Leonardo Auernheimer | |
Other Names: | Pepe |
Birth Date: | August 27, 1936 |
Birth Place: | Argentina |
Death Date: | 2010 |
Education: | University of Buenos Aires (Undergraduate) |
Alma Mater: | University of Chicago (Ph.D. in Economics, 1973) |
Occupation: | Economist, professor, international monetary consultant |
Known For: | Research in monetary economics and open economy macroeconomics |
Leonardo Auernheimer (August 27, 1936 - 2010) was an Argentine economist, professor, and international monetary consultant.[1]
Auernheimer was born in Argentina to Jose Ignacio Auernheimer and Maria Elena Savanti de Auernheimer. He graduated from the University of Buenos Aires and earned a Ph.D. in economics from the University of Chicago in 1973. Before completing his doctorate, he served as a visiting professor at the Universidade Federal de Viçosa in Brazil.
After obtaining his Ph.D., he joined the economics department at Texas A&M University, where he was a professor until his death in 2010. He was department head from 2002 to 2006.
While at Texas A&M he visited the World Bank and the International Monetary Fund as a visiting scholar, and was a visiting professor at ITAM, in Mexico City, the Université du centre d'études macroeconomiques d'Argentine, in Buenos Aires, and the University of Göttingen in Germany.
He was a member of the editorial board of the Journal of Applied Economics.
He consulted on macroeconomics policies for international organizations in several countries throughout Latin America and the Middle and Far East. He directed and served on dozens of dissertation committees for students around the world.

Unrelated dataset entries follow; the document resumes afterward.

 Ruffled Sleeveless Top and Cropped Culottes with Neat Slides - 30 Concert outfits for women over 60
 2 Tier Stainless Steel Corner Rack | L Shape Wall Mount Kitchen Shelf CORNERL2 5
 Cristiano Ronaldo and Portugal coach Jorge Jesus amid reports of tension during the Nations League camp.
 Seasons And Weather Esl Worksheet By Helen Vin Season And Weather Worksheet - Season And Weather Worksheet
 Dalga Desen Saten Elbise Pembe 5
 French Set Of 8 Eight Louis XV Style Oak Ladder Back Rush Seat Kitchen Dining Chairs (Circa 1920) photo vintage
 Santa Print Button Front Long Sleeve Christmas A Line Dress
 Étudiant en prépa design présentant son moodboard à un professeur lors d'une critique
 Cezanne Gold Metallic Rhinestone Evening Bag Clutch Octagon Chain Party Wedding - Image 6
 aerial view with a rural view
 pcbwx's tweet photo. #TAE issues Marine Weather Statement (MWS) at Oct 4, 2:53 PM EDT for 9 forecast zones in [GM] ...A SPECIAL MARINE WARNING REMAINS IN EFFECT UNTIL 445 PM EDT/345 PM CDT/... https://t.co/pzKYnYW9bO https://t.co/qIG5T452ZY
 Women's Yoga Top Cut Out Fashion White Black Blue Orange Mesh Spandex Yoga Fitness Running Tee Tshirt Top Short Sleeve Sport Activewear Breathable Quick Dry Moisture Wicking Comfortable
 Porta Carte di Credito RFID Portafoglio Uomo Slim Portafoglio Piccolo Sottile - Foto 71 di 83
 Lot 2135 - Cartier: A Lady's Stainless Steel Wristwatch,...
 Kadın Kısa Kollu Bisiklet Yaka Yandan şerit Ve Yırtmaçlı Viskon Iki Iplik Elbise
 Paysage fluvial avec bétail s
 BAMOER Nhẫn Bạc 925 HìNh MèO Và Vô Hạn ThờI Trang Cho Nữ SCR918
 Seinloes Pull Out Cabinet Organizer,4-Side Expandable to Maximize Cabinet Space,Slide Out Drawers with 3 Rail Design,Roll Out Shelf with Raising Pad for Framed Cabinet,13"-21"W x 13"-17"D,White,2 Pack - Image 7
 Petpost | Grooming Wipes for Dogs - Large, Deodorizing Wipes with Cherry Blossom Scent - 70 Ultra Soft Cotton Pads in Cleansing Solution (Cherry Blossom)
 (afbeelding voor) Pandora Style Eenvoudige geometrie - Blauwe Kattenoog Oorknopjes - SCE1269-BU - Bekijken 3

His research was in the area of monetary economics and open economy macroeconomics, particularly dynamic inconsistency and the fiscal theory of the price level. He published in the premier economic journals, including Journal of Political Economy, Econometrica, the American Economic Review, and the Journal of Monetary Economics. He was an associate editor of the Journal of Applied Economics and the Journal of Development Economics. He was a frequent consultant to the World Bank in the evaluation of macroeconomic programs in many Latin American countries, as well as in Mongolia, the Republic of Georgia and Lebanon.